■ The problem ■
Task for the records below: please copy exactly, and only, the lines from the one containing "vendo casa de 3 pisos,jlb y rivero — foto 1" to the last line, both included, leaving out the pictures.

====== Task material

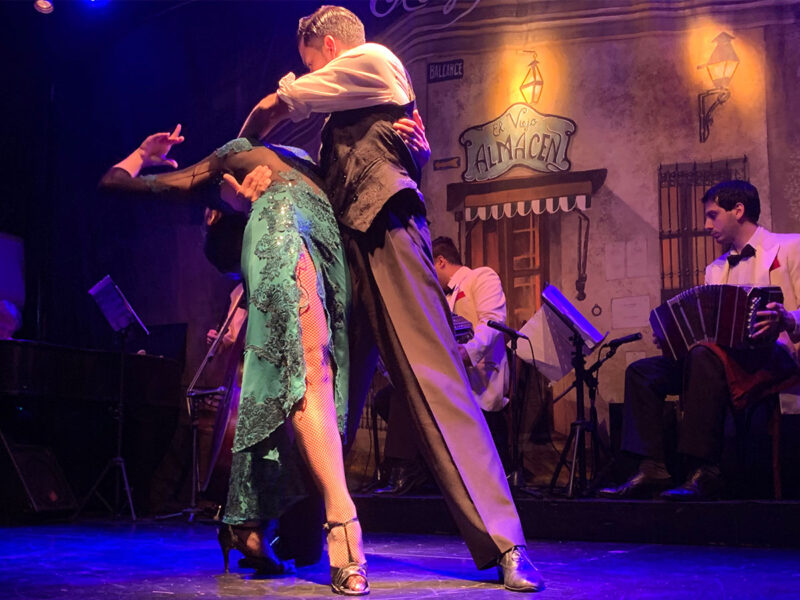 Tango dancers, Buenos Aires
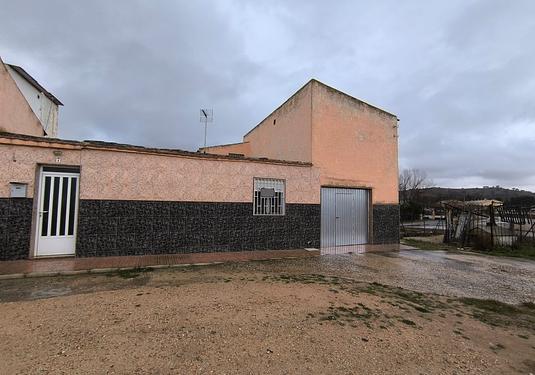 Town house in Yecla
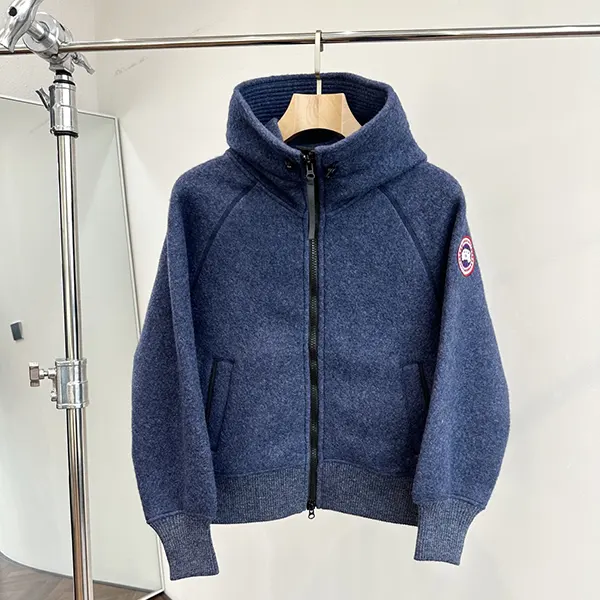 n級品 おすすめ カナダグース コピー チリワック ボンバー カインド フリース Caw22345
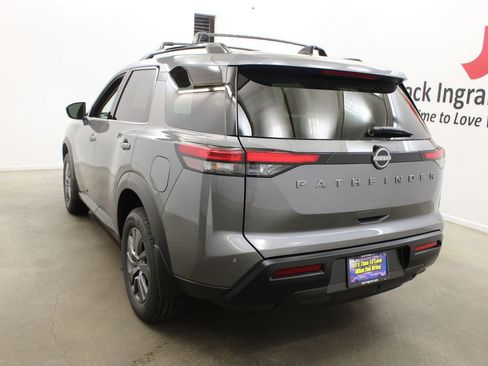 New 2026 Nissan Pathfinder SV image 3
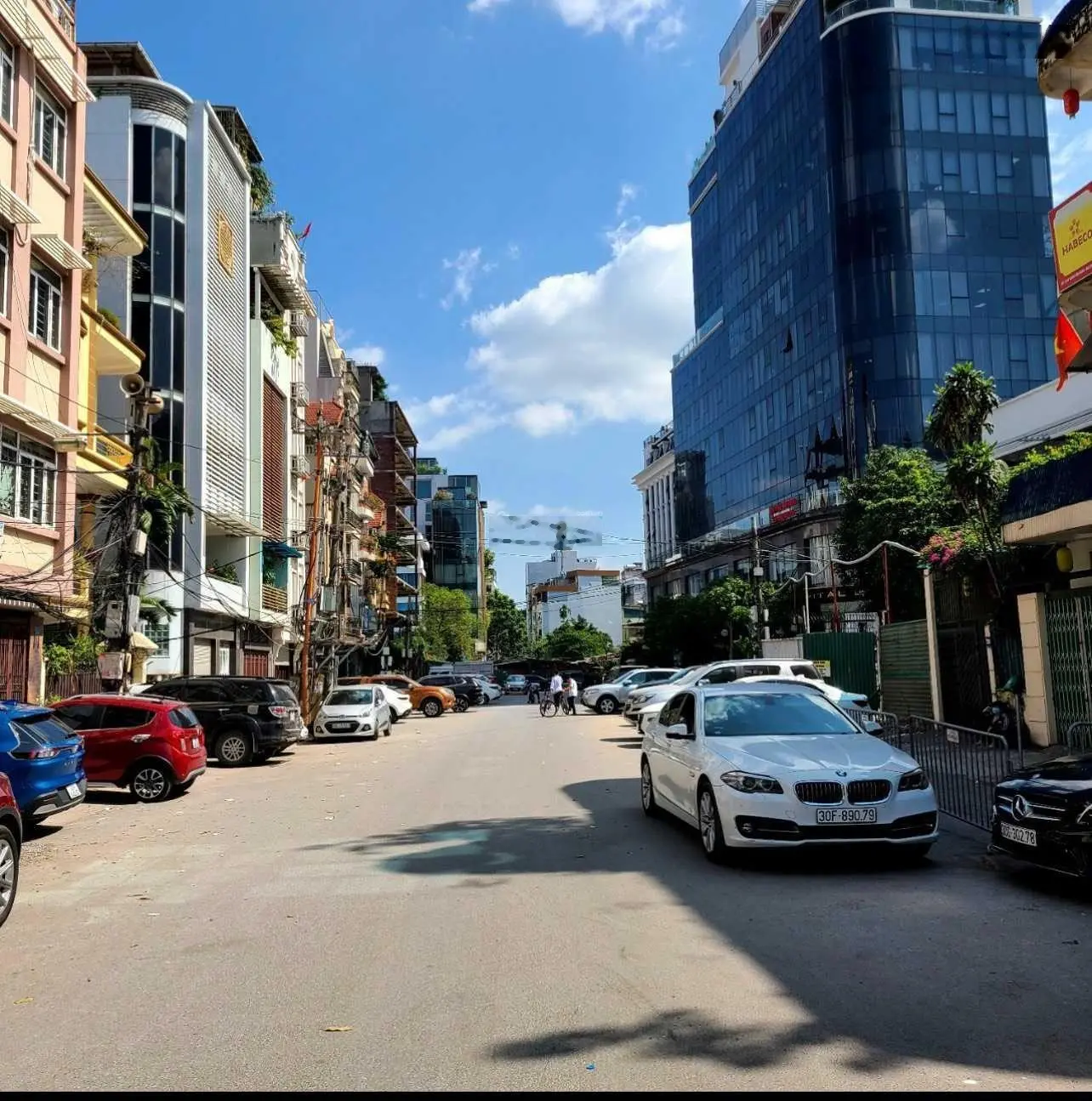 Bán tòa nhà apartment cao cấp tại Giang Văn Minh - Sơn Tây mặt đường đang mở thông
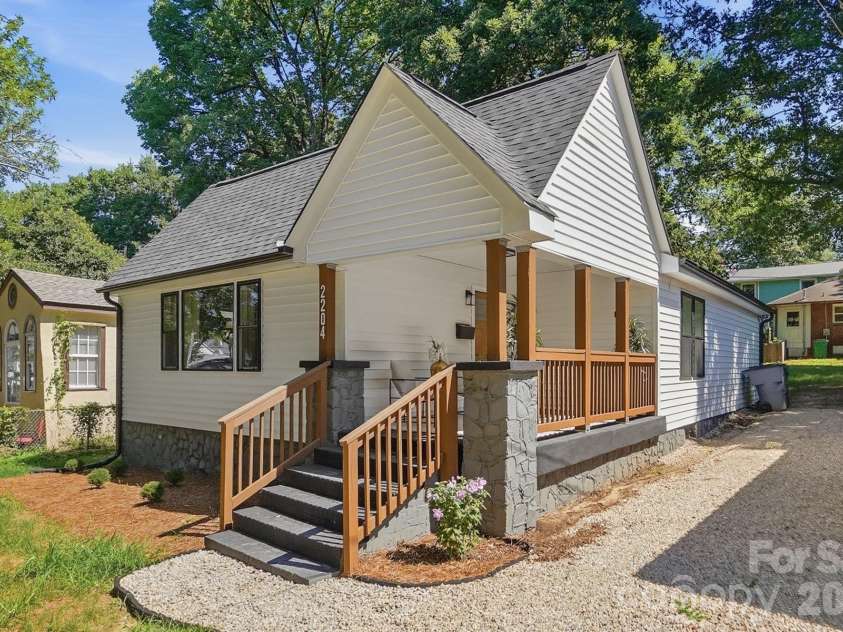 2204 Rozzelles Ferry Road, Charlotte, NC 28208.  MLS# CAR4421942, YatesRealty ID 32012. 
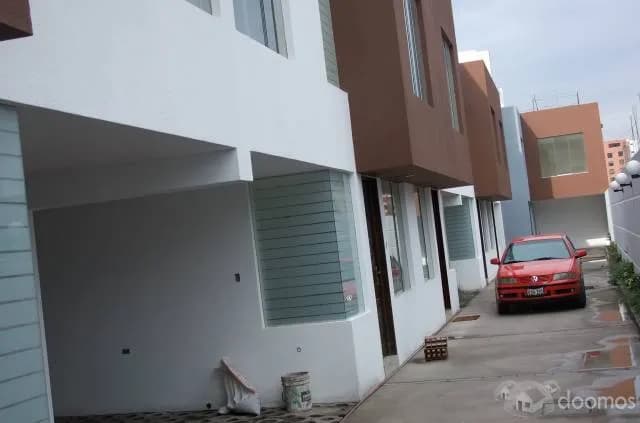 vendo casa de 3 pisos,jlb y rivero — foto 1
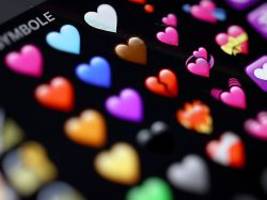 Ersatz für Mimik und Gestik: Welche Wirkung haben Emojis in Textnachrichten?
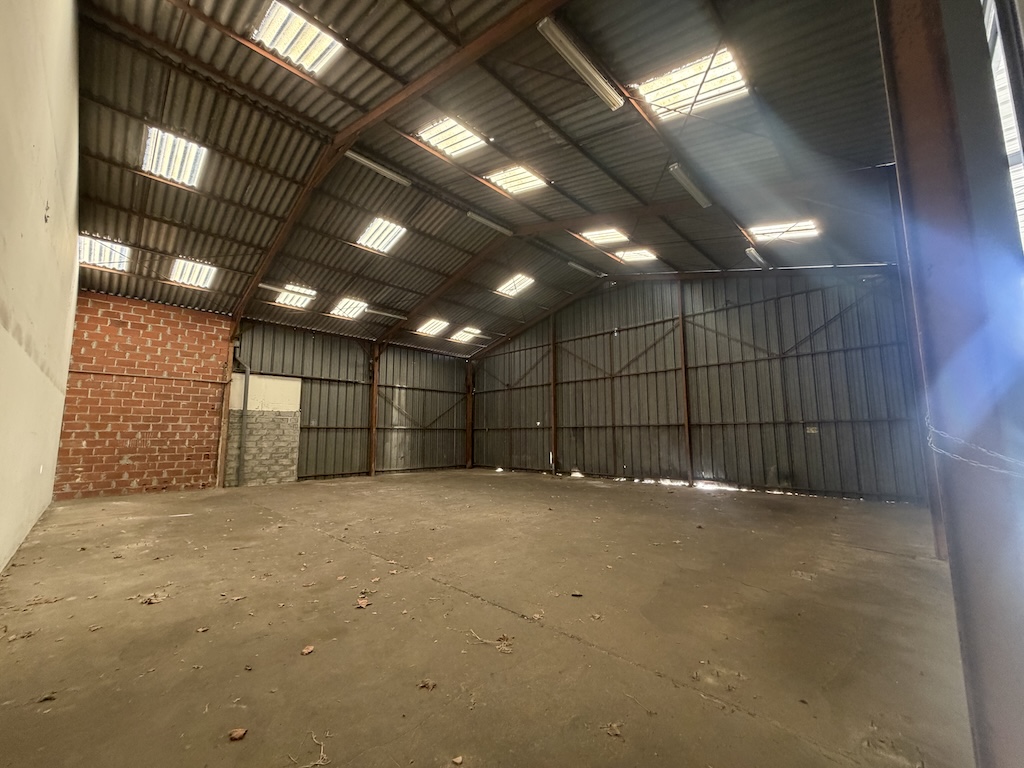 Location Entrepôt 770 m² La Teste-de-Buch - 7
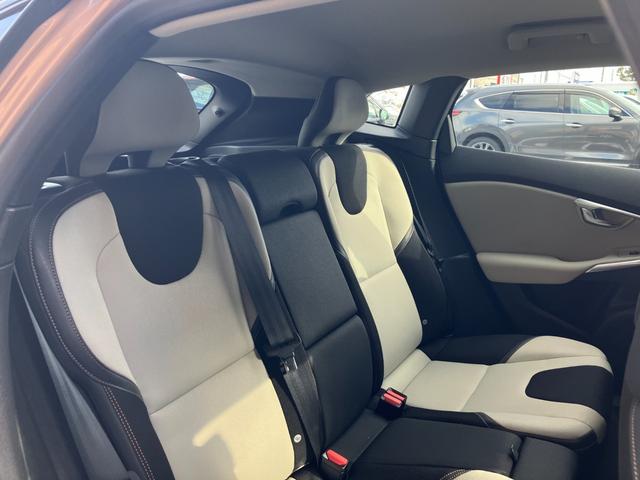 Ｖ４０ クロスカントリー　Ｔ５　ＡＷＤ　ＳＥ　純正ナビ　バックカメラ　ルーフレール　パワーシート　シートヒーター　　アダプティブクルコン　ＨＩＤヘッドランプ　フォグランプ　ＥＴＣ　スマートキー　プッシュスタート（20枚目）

============

■ Result below ■
 vendo casa de 3 pisos,jlb y rivero — foto 1
 Ersatz für Mimik und Gestik: Welche Wirkung haben Emojis in Textnachrichten?
 Location Entrepôt 770 m² La Teste-de-Buch - 7
 Ｖ４０ クロスカントリー　Ｔ５　ＡＷＤ　ＳＥ　純正ナビ　バックカメラ　ルーフレール　パワーシート　シートヒーター　　アダプティブクルコン　ＨＩＤヘッドランプ　フォグランプ　ＥＴＣ　スマートキー　プッシュスタート（20枚目）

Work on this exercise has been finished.